• ACTION ITEM: Write out each line of the listing as it stands, without the images.

• SUPPLIED MATERIAL:
╔══
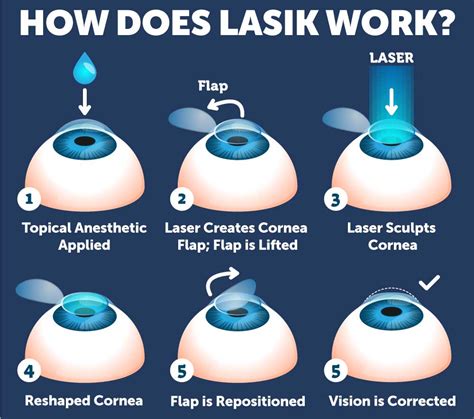 Understanding the Process and Recovery of Ocular Surgery: A Comprehensive Guide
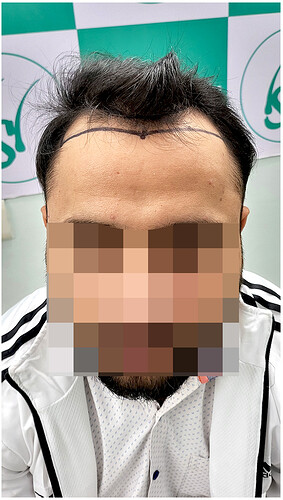 Before Hair Transplant HS 828- The Hairsmith Clinic Delhi India - 1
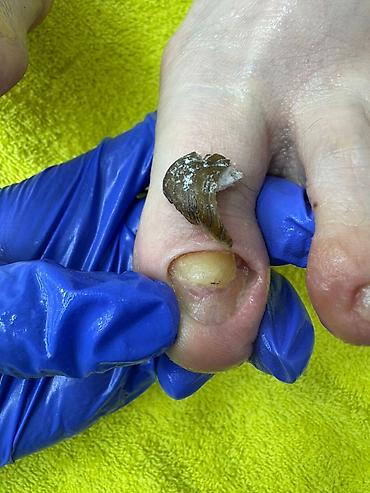 Маникюр: Коррекция вросших ногтей, Услуги подолога, Маникюр, Педикюр, Услуга в 4 руки, Одноразовые расходные материалы, Консультация — 11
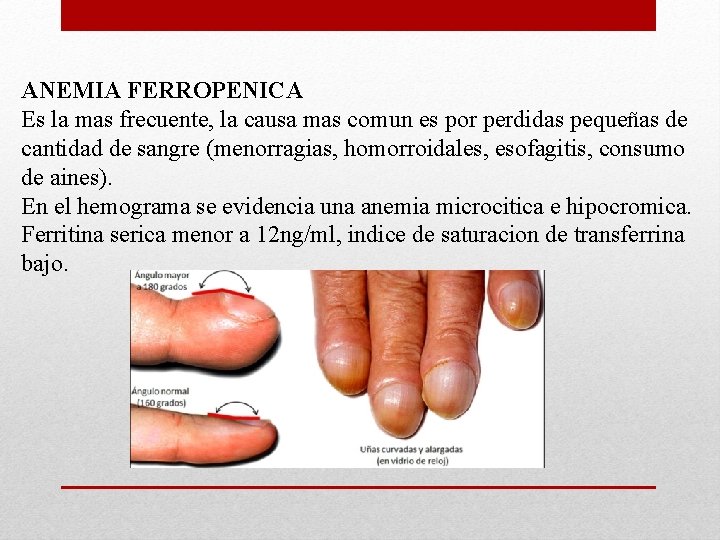 ANEMIA FERROPENICA Es la mas frecuente, la causa mas comun es por perdidas pequeñas ANEMIA FERROPENICA Es la mas frecuente, la causa mas comun es por perdidas pequeñas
╚══
• RESPONSE:
 Understanding the Process and Recovery of Ocular Surgery: A Comprehensive Guide
 Before Hair Transplant HS 828- The Hairsmith Clinic Delhi India - 1
 Маникюр: Коррекция вросших ногтей, Услуги подолога, Маникюр, Педикюр, Услуга в 4 руки, Одноразовые расходные материалы, Консультация — 11
 ANEMIA FERROPENICA Es la mas frecuente, la causa mas comun es por perdidas pequeñas ANEMIA FERROPENICA Es la mas frecuente, la causa mas comun es por perdidas pequeñas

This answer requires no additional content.